==== Supplied data ====

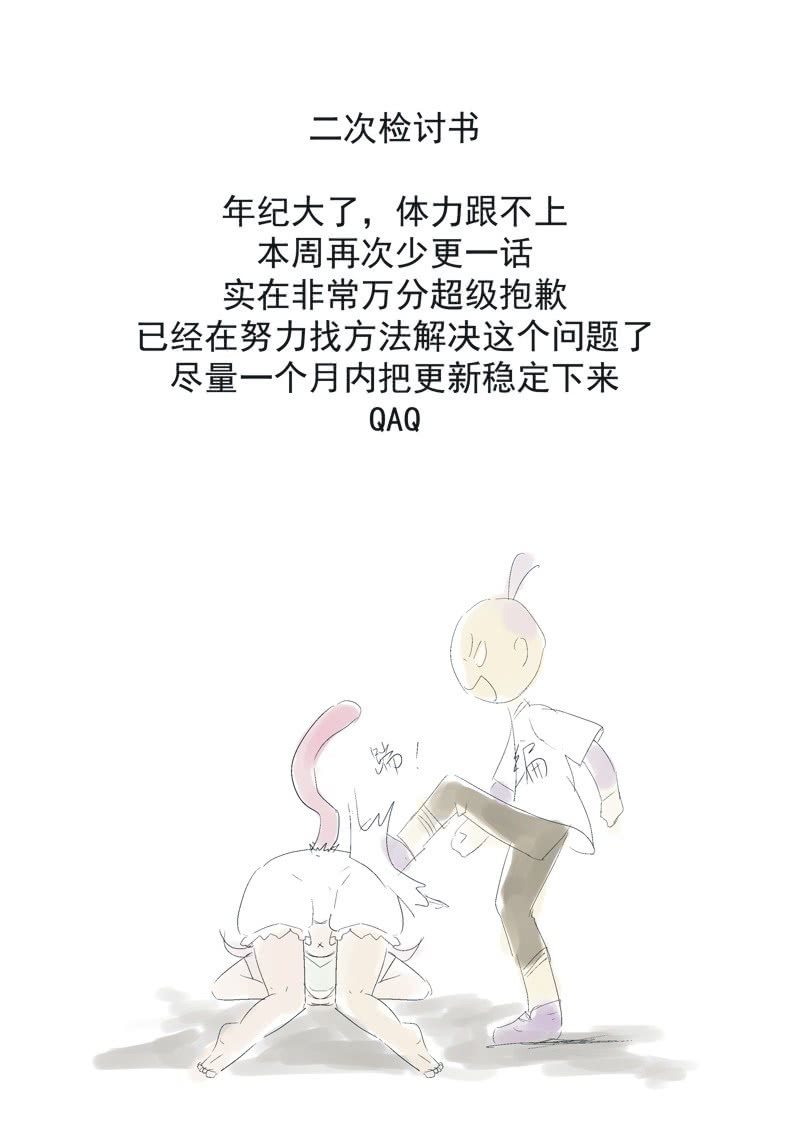 第四十七话-第50话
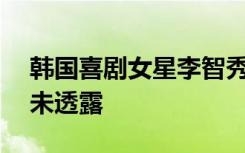 韩国喜剧女星李智秀去世，年仅30岁，死因未透露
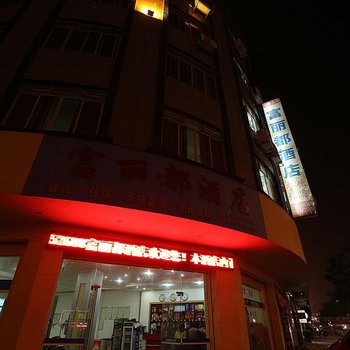 象州富丽都酒店(来宾)酒店提供图片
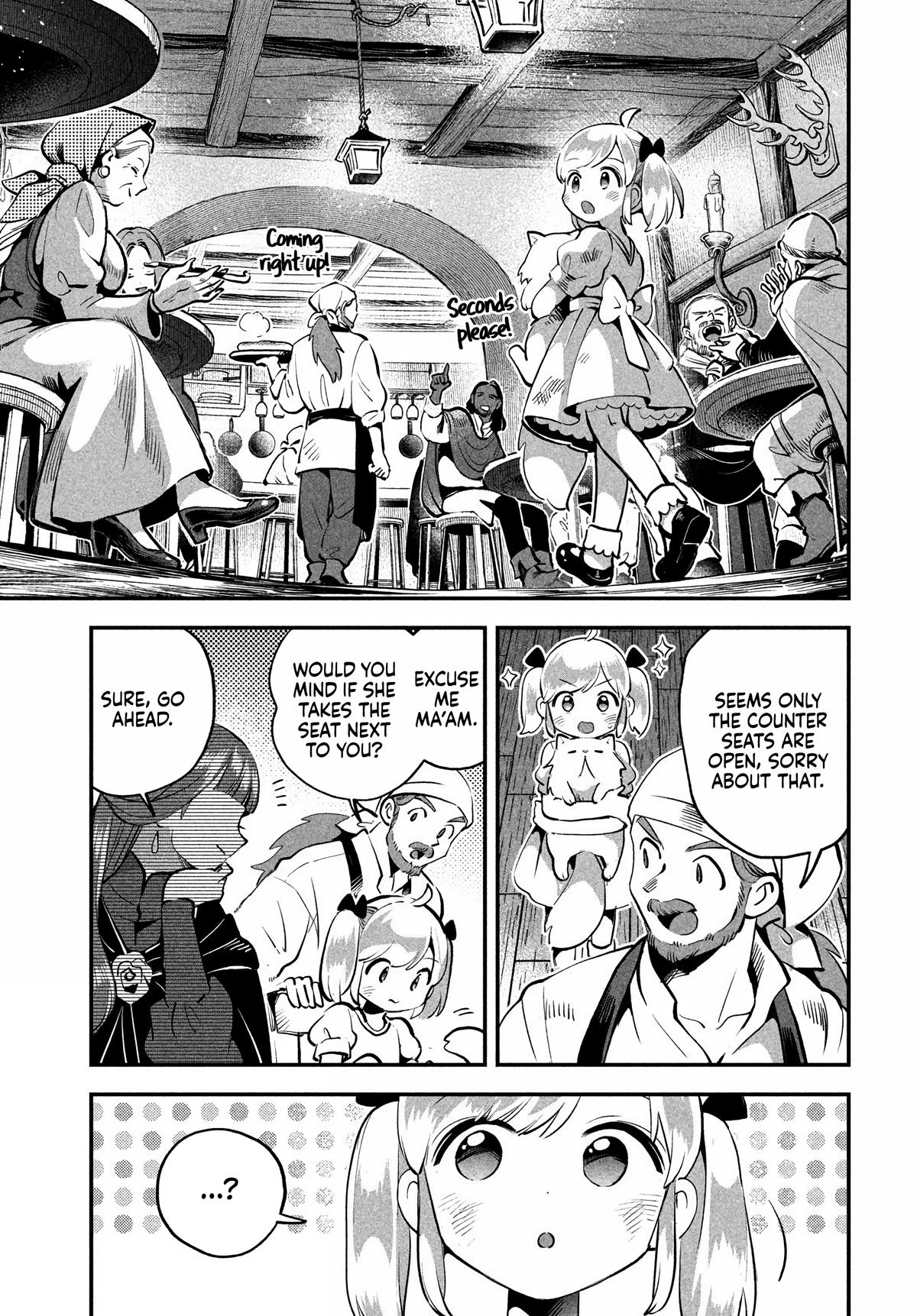 7-nin no Nemuri Hime Chapter 81.2 15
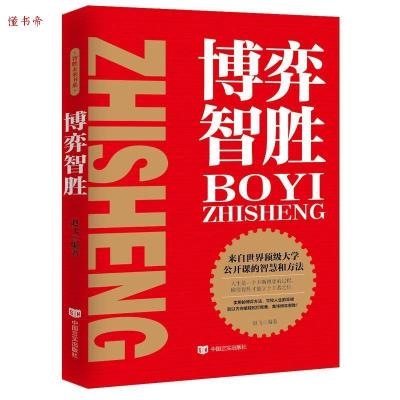 正版新书]博弈智胜赵飞9787517122210
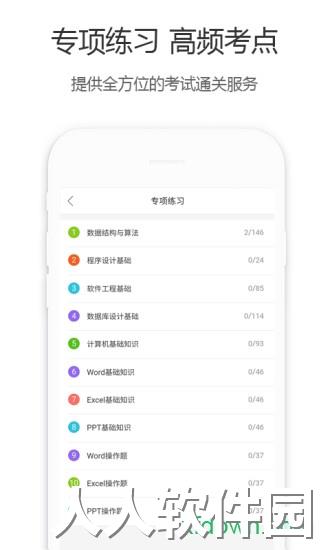 计算机二级宝典app下载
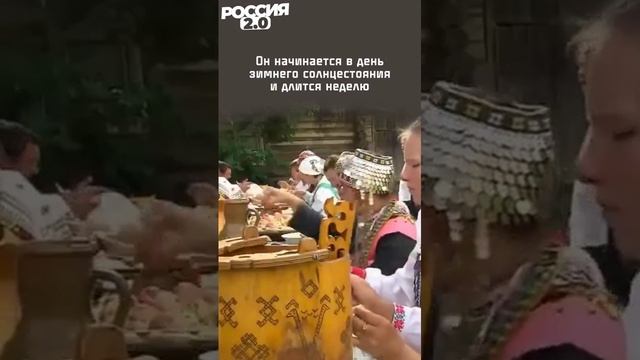 Чуваши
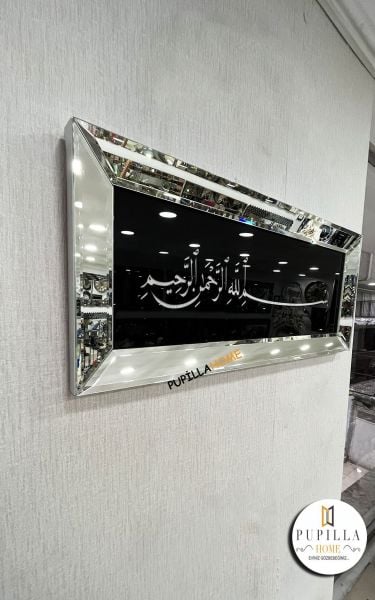 Besmele-i Şerif Tablo Gümüş Renk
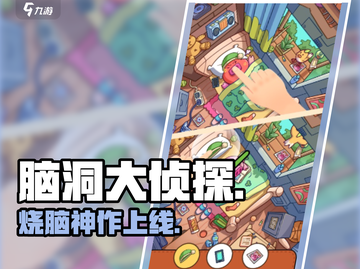 🔥《脑洞大侦探》上线时间曝光！🕵‍♂截图1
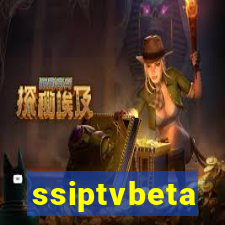 ssiptvbeta
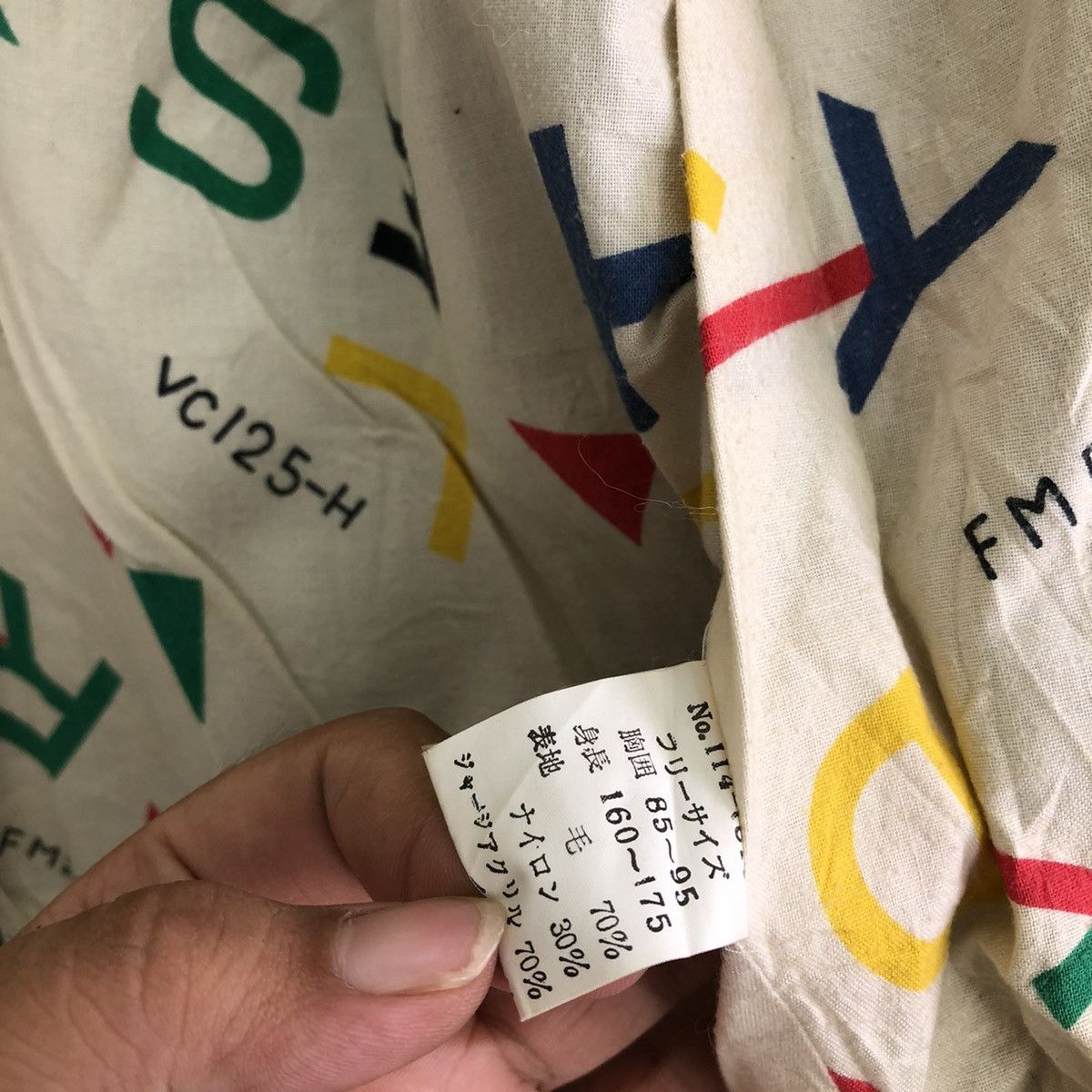 Japanese Brand Vintage Varsity Jacket Power IronMuscle Inspire Issey Miyake Size US L / EU 52-54 / 3 - 13 Thumbnail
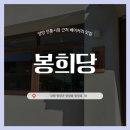 봉희당 | [양양] 봉희당 :: 양양전통시장 근처에서 만난 분위기 좋은 베이커리 카페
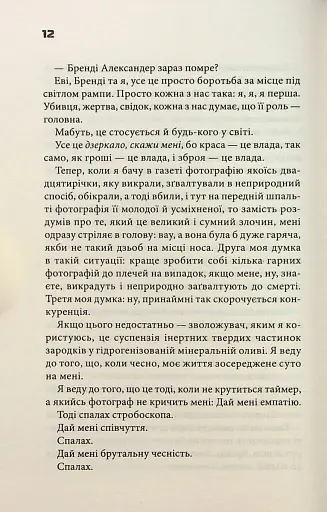 Невидимі монстри - фото 8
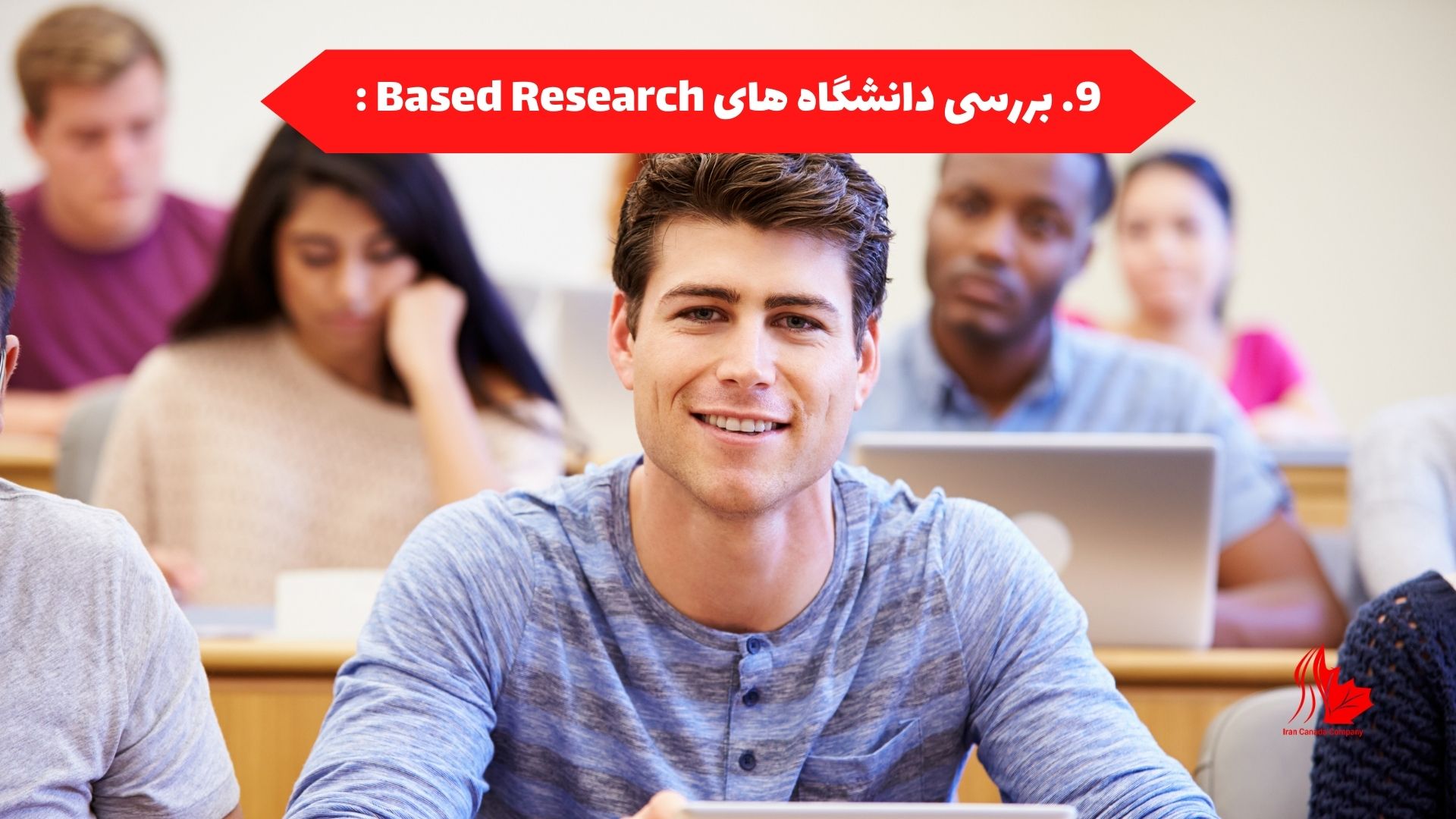 بررسی دانشگاه های Based Research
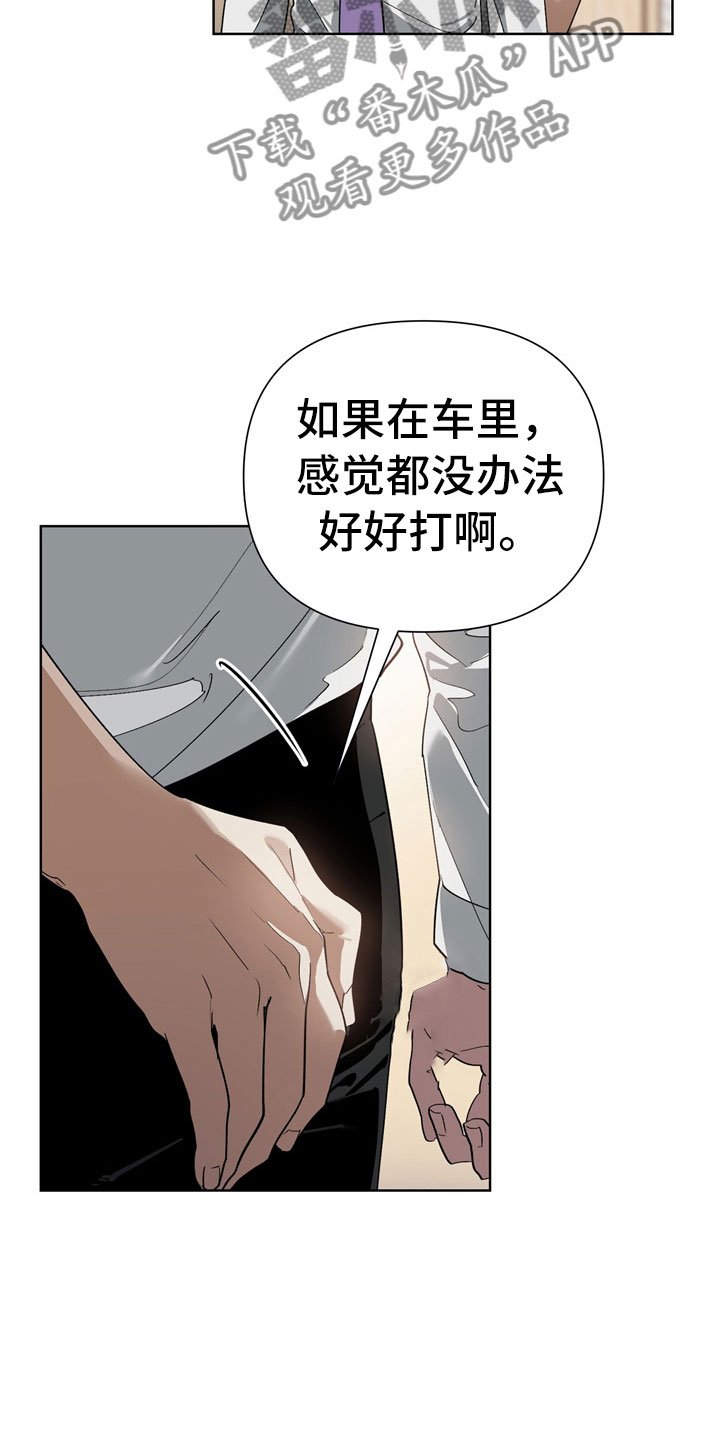 第10章：被训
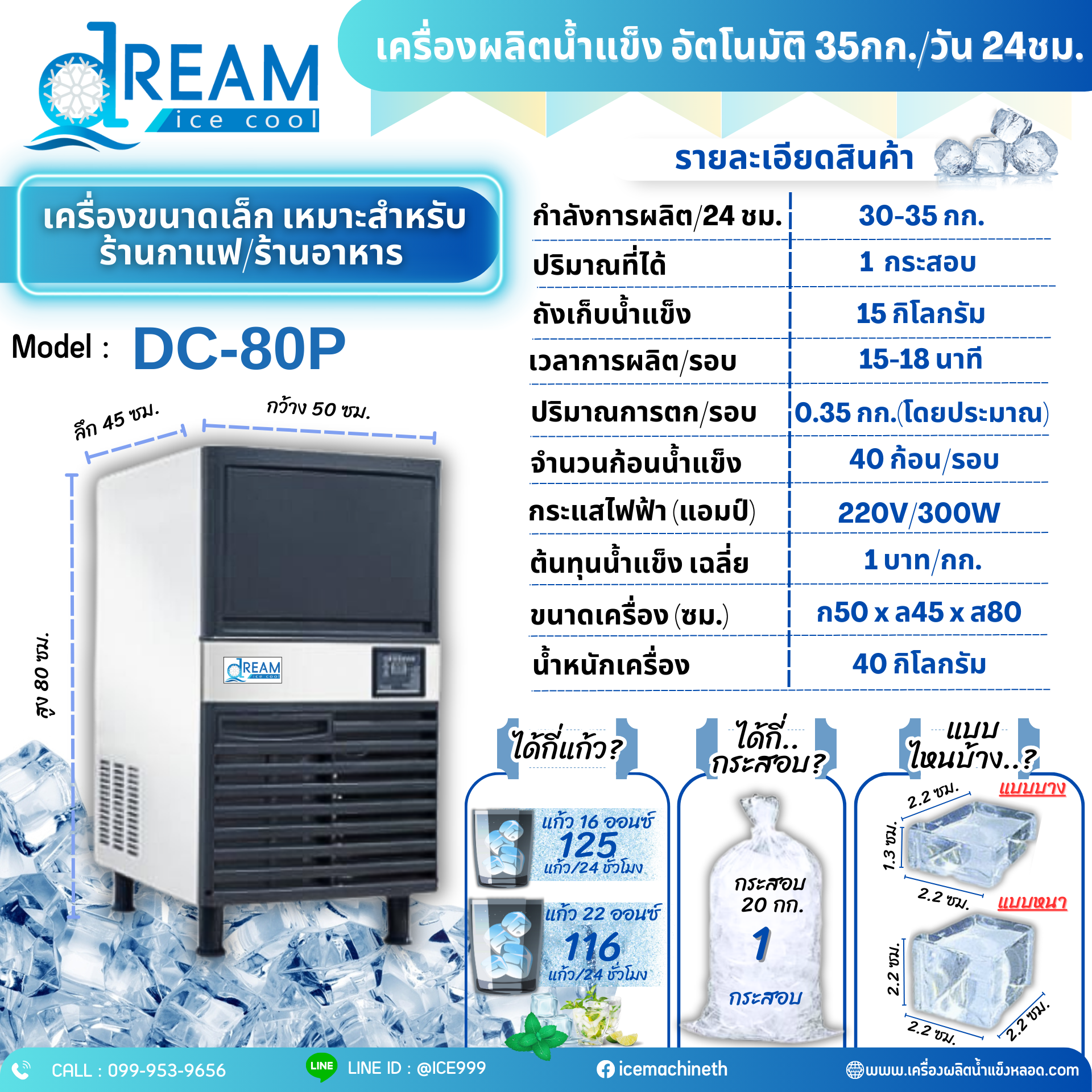 เครื่องทำน้ำแข็งขนาดเล็ก กำลังการผลิต 30-35 Kg./วัน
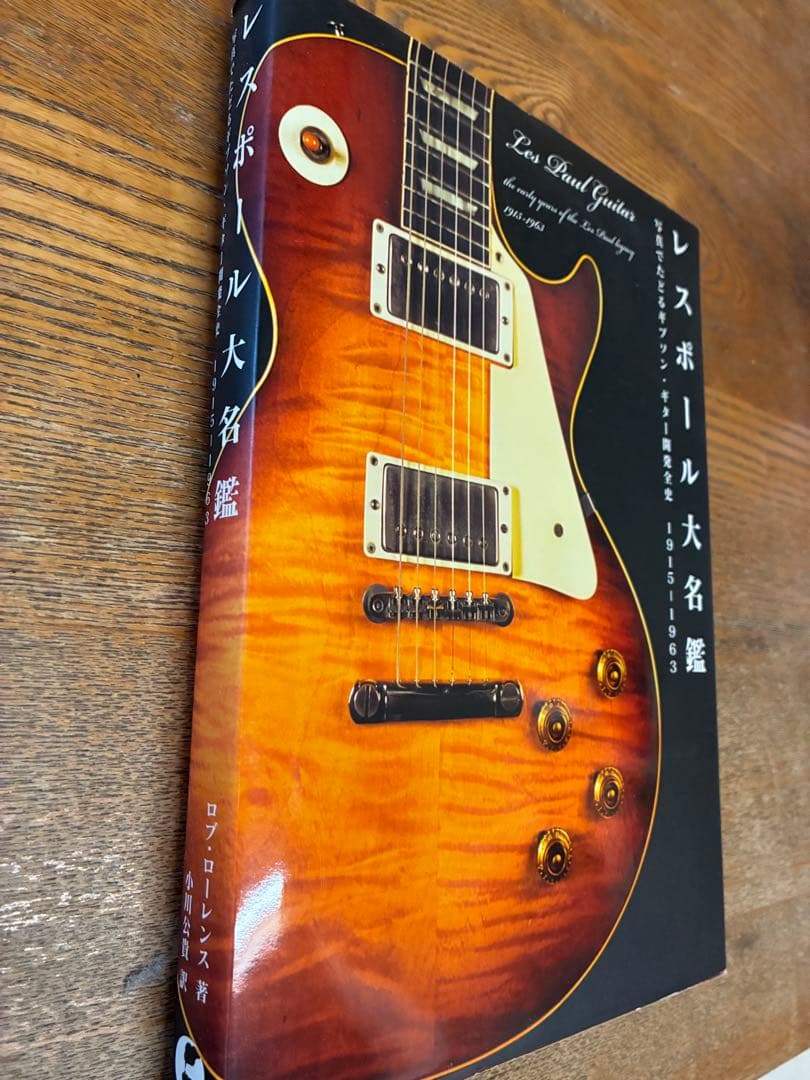 レスポール大名鑑 1915―1963 写真でたどるギブソン・ギター開発全史　希少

====

Task item >> In the data above, find the line with "بررسی دانشگاه های Based Research" and repeat it and every line after it through the end, exactly; leave the pictures out.

Answer to the exercise >>
 بررسی دانشگاه های Based Research
 第10章：被训
 เครื่องทำน้ำแข็งขนาดเล็ก กำลังการผลิต 30-35 Kg./วัน
 レスポール大名鑑 1915―1963 写真でたどるギブソン・ギター開発全史　希少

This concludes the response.